Buna paralel olarak, House of One’a dinler arası eğitim ve tanışma programları
talepleri arttı.
“House of One’ın Yahudi, Hristiyan ve Müslümanlardan oluşan üç kişilik eğitim
ekibinin çalışmaları sadece gençlere yönelik değil. "Özellikle
öğretmenler, sosyal hizmet uzmanları veya sağlık çalışanları gibi çoğaltıcı
rollerde olan kişilere ulaşarak onları nitelikli hale getirmeyi hedefliyoruz"
diye açıklıyor Hıristiyan teolog ve danışman Patricia Böckmann. Eğitim
alanından, dinî kurumlar, sağlık sektörü ve kamu hizmetlerinden (polis, idare)
bin 500’den fazla kişi, vakfın programlarına katıldı. "Kamu hizmetlerinden
bu yıl 2023’e kıyasla dört kat daha fazla kişiye ulaştık" diye ekliyor
Böckmann.
“House of One’ın dinler arası uzmanlığı, giderek daha fazla uzman
tartışmalarına entegre ediliyor.
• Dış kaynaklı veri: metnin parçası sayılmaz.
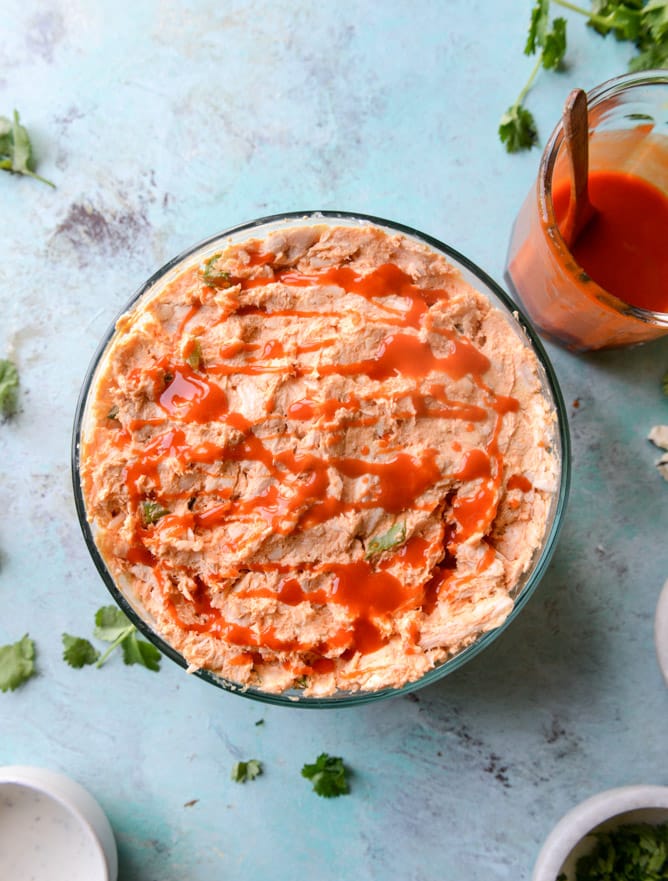 layered buffalo chicken dip I howsweeteats.com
Bu, bölgesel düzeyde, örneğin "Mitte’de
Demokrasi" gibi inisiyatiflerdeki katkılar yoluyla ya da Federal Aile
Bakanı Lisa Paus’un Antisemitizm önleme konusundaki uzman toplantılarında
olduğu gibi ulusal düzeyde gerçekleşiyor. Ayrıca Paderborn Üniversitesi
Karşılaştırmalı Teoloji ve Kültür Bilimleri Merkezi ile Bonn Üniversitesi
Uluslararası Karşılaştırmalı Teoloji ve Sosyal Meseleler Merkezi işbirliğiyle,
House of One bir uygulama alanı olarak teolojik-akademik tartışmalara katkıda
bulunuyor.
“Eğitim çalışmalarının bir diğer unsuru, Almanca konuşulan tüm bölgelerde
dinlenen "331 - 3 Kadın, 3 Din, 1 Konu" adlı podcast’tir. Hillel
e.V.’den eğitim danışmanı Rebecca Rogowski, Hristiyan vaiz ve influencer Maike
Schöfer ve İslam teoloğu Kübra Dalkılıç’ın din ve günlük yaşam üzerine yaptığı
bu sohbetler, 4 bin kez yayınlanıyor ya da indiriliyor. Bu sesli format,
öğretmenler ve akademisyenlerden gelen geri bildirimlere göre, din dersleri
veya üniversite seminerlerinde de kullanılıyor. "
Hizmet, içte ve dışta “dini din için sevenler" ile diyaloglar kurdu. Türkiye’de “cami ve cem evi projesiyle" Alevî-Sünnî kardeşliğini pekiştirmek için gayret sarf edildiği gibi, “House of One" projesiyle de Müslüman, Hıristiyan ve Musevî dinlerine mensup insanlar arasında diyaloglar için gayretler sarf ediliyor.
Onun için, Süleyman Bağ arkadaşımızın ulaştırdığı bilgiler çok önemli… Sizlerle bunları paylaşmak istedim.